研究の特性や結果に関するデータを体系的に抽出した。主要アウトカムは賭博症状の重症度、賭博による金銭的損失、および賭博の頻度とした。副次的評価項目は病的賭博の診断、およびうつ病や不安症状の発症とした。治療後の評価時(治療完了の0~3カ月後に実施)に標準化平均差(SMD)を用いて行った治療とコントロール条件の比較、およびリスク比(RR)を用いたフォローアップ評価(治療完了の9~12カ月後に実施)によって、治療効果を判断した。変量効果メタアナリシスによって結果を統合した。

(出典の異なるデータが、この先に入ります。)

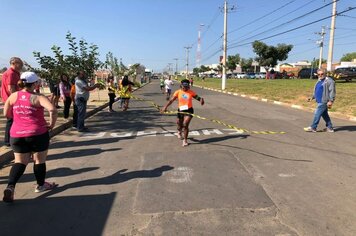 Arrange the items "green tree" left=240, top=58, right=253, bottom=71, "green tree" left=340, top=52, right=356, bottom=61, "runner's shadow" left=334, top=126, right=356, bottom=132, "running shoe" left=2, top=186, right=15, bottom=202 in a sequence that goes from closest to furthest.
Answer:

14件の研究(n = 1245)が選択基準を満たした。0~3カ月時にCBTとコントロールを比較した11件の研究では、中程度から(賭博による金銭的損失:SMD - 0.52;95%信頼区間(CI) -0.71~-0.33、n = 505)、かなり大きな効果まで(賭博症状の重症度:SMD -1.82;95%CI -2.61 ~ -1.02、n = 402)、治療に関する有益な効果が示された。1件の研究(n = 147)のみが各群を9~12カ月時のフォローアップで比較し、わずかな効果を認めたが有意ではなかった。動機づけ面接療法に関する4件の研究では、賭博症状が比較的軽い(病的賭博に関する研究と比較して)サンプルについて主に検討していた。データでは、動機づけ面接療法後0~3カ月時に、賭博による金銭的損失の減少が示唆されたが(SMD -0.41;95% CI -0.75~-0.07、n = 244)、その他のアウトカムに関する比較は有意ではなかった。賭博症状の重症度についてはほぼ効果がなかった(SMD -0.03;95%CI -0.55~0.50、n = 163)。9~12カ月時のフォローアップで各群を比較した研究では、賭博の頻度について動機づけ面接療法の有意な効果が明らかになったが(SMD -0.53;95%CI -1.04~-0.02、n = 62)、その他のアウトカムに関する比較は有意ではなかった。また、統合療法に関する2件の研究では、全般的に賭博の重症度が低いサンプルについて検討し、治療後0~3カ月時で有意な治療効果はみられなかった。9~12カ月時のフォローアップの比較では、賭博症状の重症度について中等度の治療効果が示唆されたが、その他のアウトカムについて有意差はなかった。別の心理療法(12ステップ促進グループ療法)について検討した1件の研究(n = 18)では、治療後0~3カ月時で大部分のアウトカムについて有益な効果が示された。これらのさまざまな治療に関するエビデンスの質は、きわめて低~低であった。